Beta Sagittarii (β Sagittarii, abbreviated Beta Sgr, β Sgr) is the common designation shared by two star systems in the constellation of Sagittarius, themselves designated β^{1} Sagittarii (itself a probable binary star) and β^{2} Sagittarii. The two systems are separated by 0.36° in the sky.

- β^{1} Sagittarii
- β^{2} Sagittarii

β^{1} Sagittarii's two components are designated β^{1} Sagittarii A, also named Arkab Prior, and β^{1} Sagittarii B (sometimes designated Arkab Prior A and B). β^{2} Sagittarii is named Arkab Posterior. Beta Sagittarii is also referred to by the traditional name Arkab.

==Nomenclature==
β Sagittarii (Latinised to Beta Sagittariii) is the groups's Bayer designation; β^{1} and β^{2} Sagittarii, those of its two constituents. The designations of β^{1}'s components – β^{1} Sagittarii A and B – derive from the convention used by the Washington Multiplicity Catalog (WMC) for multiple star systems, and adopted by the International Astronomical Union (IAU).

The system's traditional name Arkab derives from the Arabic عرقوب ^{c}arqūb meaning Achilles Tendon. The two constituents bore the traditional names Arkab Prior and Arkab Posterior since β^{1} leads β^{2} (or β^{2} follows β^{1}) across the sky. In 2016, the International Astronomical Union organized a Working Group on Star Names (WGSN) to catalogue and standardize proper names for stars. The WGSN states that in the case of multiple stars the name should be understood to be attributed to the brightest component by visual brightness. The WGSN approved the names Arkab Prior and Arkab Posterior for β^{1} Sagittarii A and β^{2} Sagittarii on 5 October 2016 and they are now so entered in the IAU Catalog of Star Names.

β^{1} and β^{2} Sagittarii, together with Alpha Sagittarii, were Al Ṣuradain (الصردين), the two Surad, "desert birds".

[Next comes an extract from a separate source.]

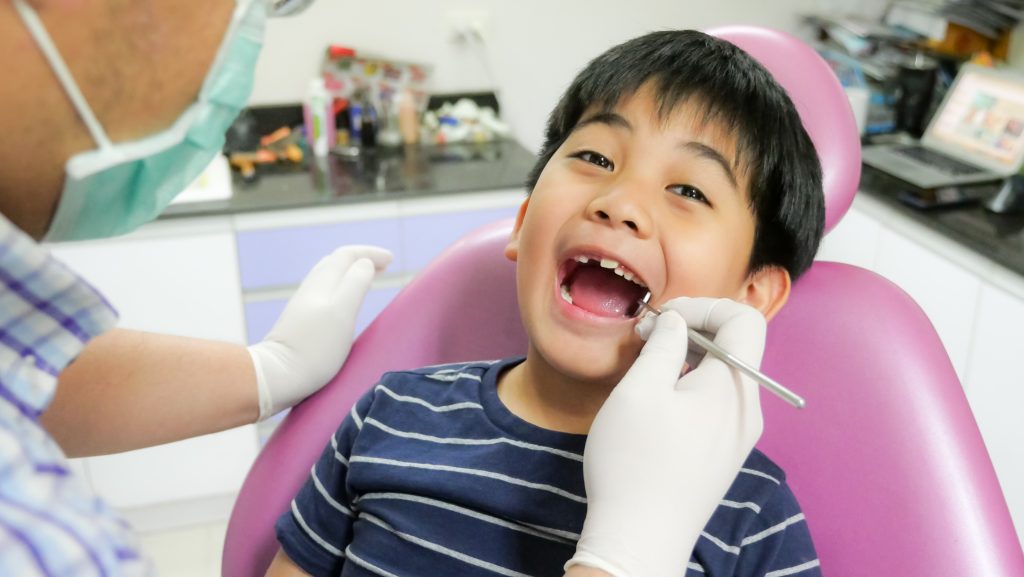 ทันตกรรมสำหรับเด็ก สำหรับเด็ก มีหมอฟันเด็กโดยเฉพาะ คลินิกทันตกรรมไวท์ทีธ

In Chinese, 天淵 (Tiān Yuān), meaning Celestial Spring, refers to an asterism consisting of β^{1} Sagittarii, β^{2} Sagittarii, and Alpha Sagittarii, Consequently, β^{1} and β^{2} Sagittarii themselves are known as 天淵一 (Tiān Yuān yī, the First Star of Celestial Spring.) and 天淵二 (Tiān Yuān èr, the Second Star of Celestial Spring.)

===Namesakes===
USS Arkab (AK-130) was a United States Navy named after the system.